Elvira G. Castano v. Foremost County Mutual Insurance Company
This text of Elvira G. Castano v. Foremost County Mutual Insurance Company (Elvira G. Castano v. Foremost County Mutual Insurance Company) is published on Counsel Stack Legal Research, covering Court of Appeals of Texas primary law. Counsel Stack provides free access to over 12 million legal documents including statutes, case law, regulations, and constitutions.
Opinion
No. 04-00-00441-CV
PER CURIAM
Sitting: Alma L. López, Justice
Catherine Stone, Justice
Paul W. Green, Justice
Delivered and Filed: October 11, 2000
DISMISSED
On April 5, 2000, the appellant, Elvira G. Castano, filed a notice of appeal to challenge a default judgment signed on March 3, 2000. Our initial review of the case indicated that the default judgment was interlocutory because it did not dispose of the claims against M. Marc Gonzalez, a person named as a defendant in the underlying petition for declaratory relief, and because no severance order appeared in the record. As a result, we issued a show cause order directing Castano to show cause in writing, by September 22, 2000, why this appeal should not be dismissed for lack of jurisdiction. On September 25, 2000, Castano responded with a motion asking us to dismiss her appeal.

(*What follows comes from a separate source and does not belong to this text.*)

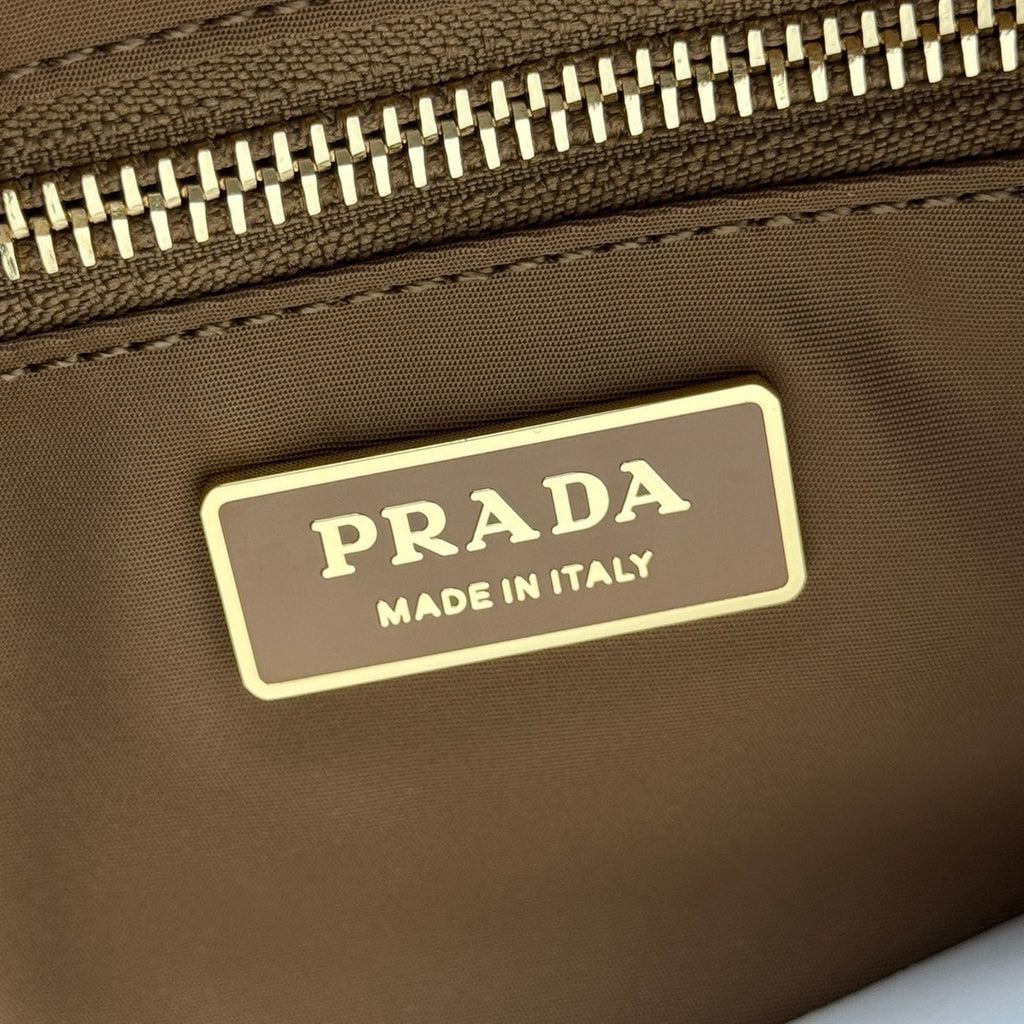 Prada Explore large Re-Nylon and leather bag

Where the plaintiff's petition names multiple defendants as it does here, and the plaintiff obtains a no-answer default judgment against one of the defendants, the default judgment is interlocutory and cannot be appealed until the trial court either renders a final judgment in the case, or signs an order of severance making the interlocutory default judgment final. See Michol O'Connor, J., O'Connor's Texas Rules * Civil Appeals §2.2 (1998); see also Tex. R. Civ. P. 240; $24,180.00 v. State, 865 S.W.2d 181, 188 (Tex. App.-Corpus Christi 1993, writ denied). In this case, the clerk's record contains a motion to sever the plaintiff-appellee's claims against the appellant, and a request for a final judgment, but the record does not contain a signed order granting a severance. As a result, the default judgment is interlocutory, and we have no jurisdiction to consider an appeal. Thus, had Castano not asked us to dismiss the appeal, we would have dismissed the appeal for lack of jurisdiction. But because Castano has filed a motion to dismiss, we will grant her motion and dismiss the appeal. See Tex. R. App. P. 42.1(2).